Without including pictures, set down every record exactly as it stands.

BEGIN Dataset records

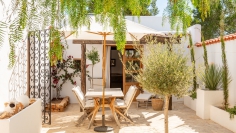 Super charmante en instapklare Ibiza stijl villa dichtbij de mooiste stranden van de Westkust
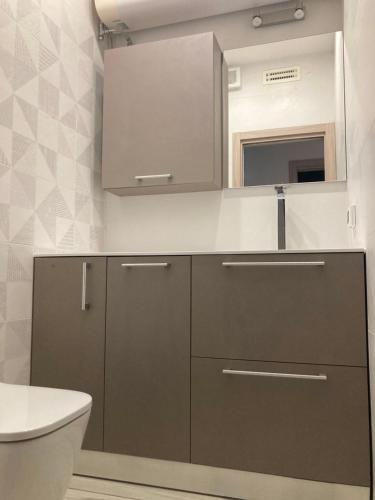 Et badeværelse på Il Paguro Apartment Giardini Naxos con piscina condominiale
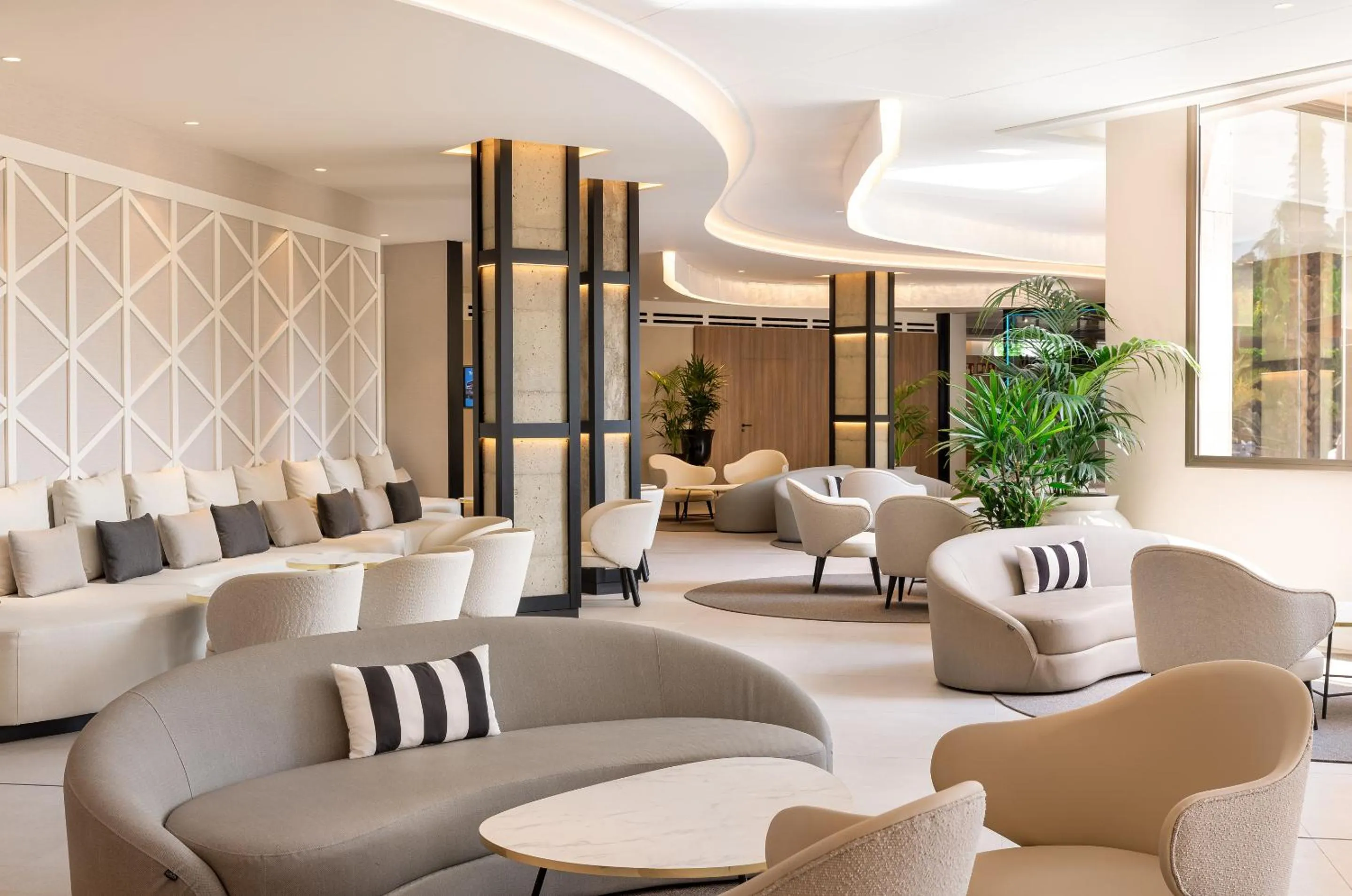 Lounge or bar in Golden Bahía de Tossa & Spa 4* Sup.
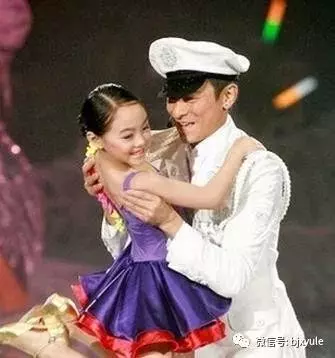 李連傑女兒,7歲給劉德華伴舞,8歲跟成龍走紅毯,16歲成這樣!
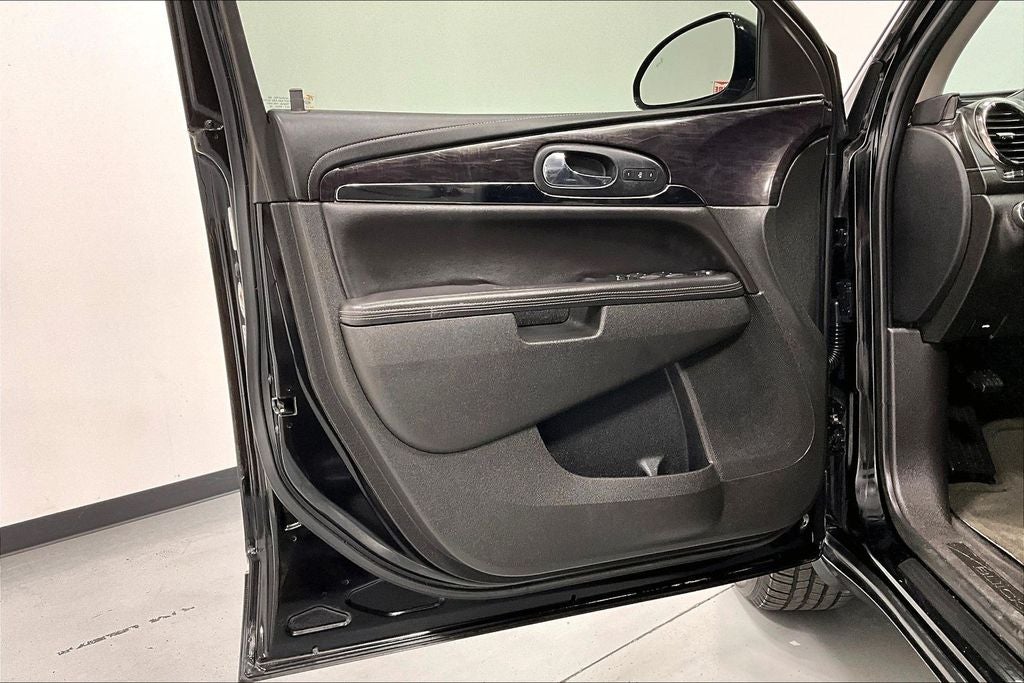 2017 Buick Enclave Leather Group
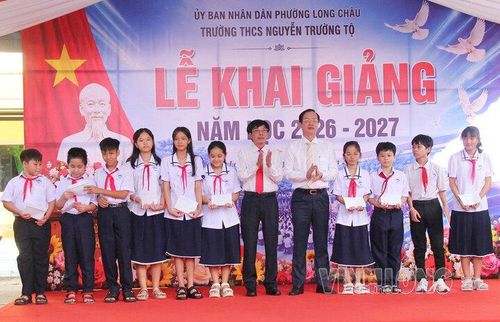 Ông Trần Trí Quang - Chủ tịch UBND tỉnh Vĩnh Long dự khai giảng tại Trường THCS Nguyễn Trường Tộ. Ảnh - Thuý Quyên.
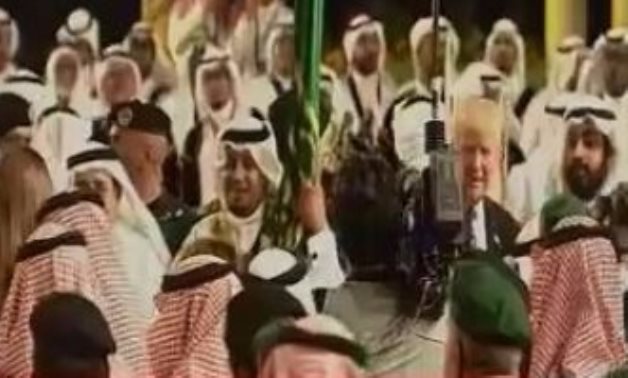بالفيديو.. ترامب يؤدى "العرضة" السعودية مع خادم الحرمين بمركز الملك عبد العزيز
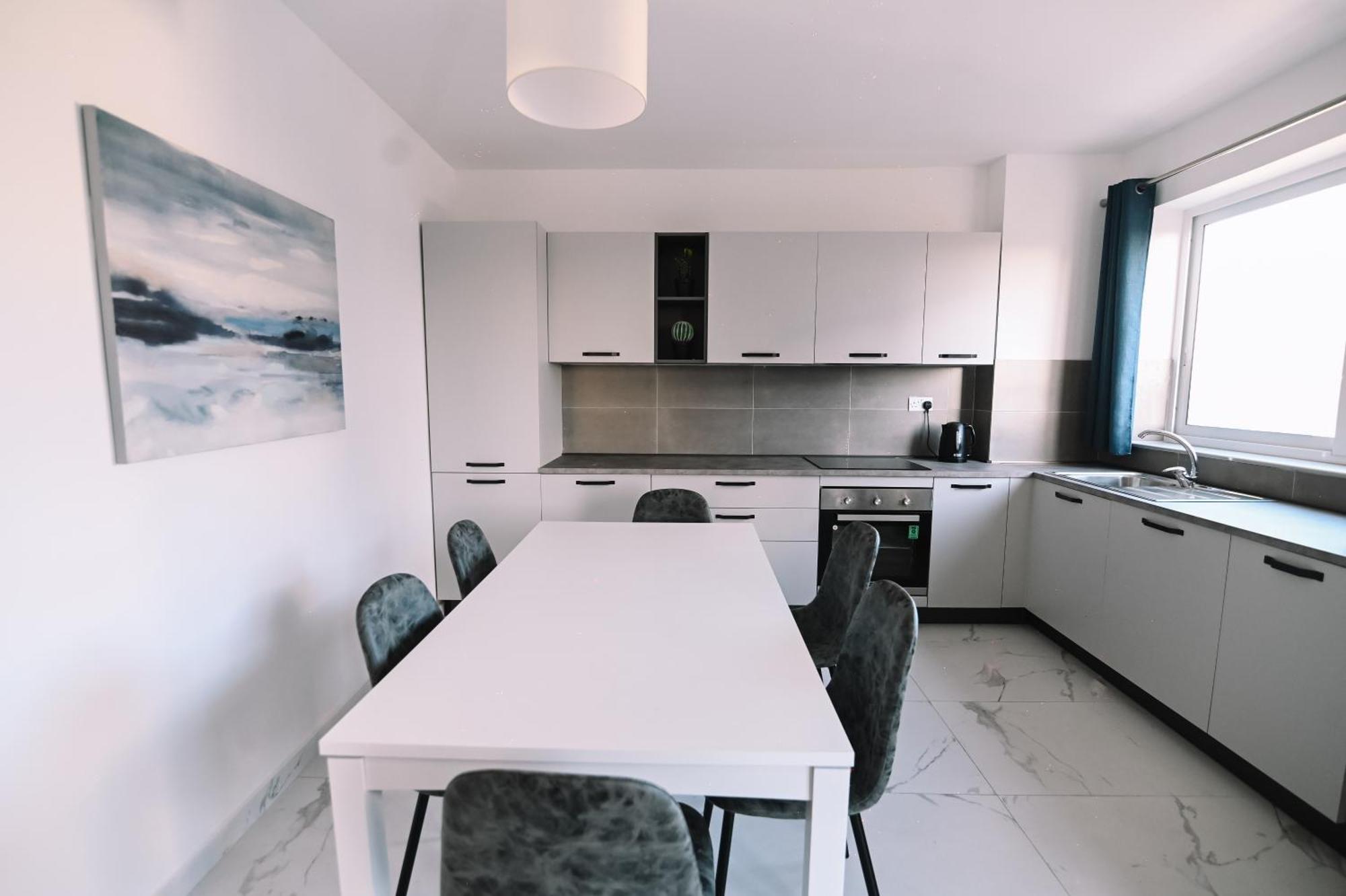 Bright 2 Bedroom Flat In Sliema! Exterior photo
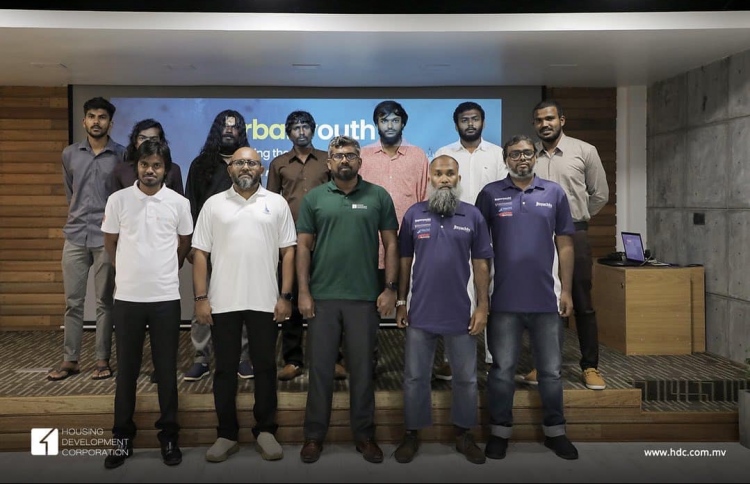 ބޯޓިން ދާއިރާ އަށް 10 ޒުވާނުން ތަމްރީނު ކުރަނީ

END Dataset records

### Exercise output
 Super charmante en instapklare Ibiza stijl villa dichtbij de mooiste stranden van de Westkust
 Et badeværelse på Il Paguro Apartment Giardini Naxos con piscina condominiale
 Lounge or bar in Golden Bahía de Tossa & Spa 4* Sup.
 李連傑女兒,7歲給劉德華伴舞,8歲跟成龍走紅毯,16歲成這樣!
 2017 Buick Enclave Leather Group
 Ông Trần Trí Quang - Chủ tịch UBND tỉnh Vĩnh Long dự khai giảng tại Trường THCS Nguyễn Trường Tộ. Ảnh - Thuý Quyên.
بالفيديو.. ترامب يؤدى "العرضة" السعودية مع خادم الحرمين بمركز الملك عبد العزيز
 Bright 2 Bedroom Flat In Sliema! Exterior photo
 ބޯޓިން ދާއިރާ އަށް 10 ޒުވާނުން ތަމްރީނު ކުރަނީ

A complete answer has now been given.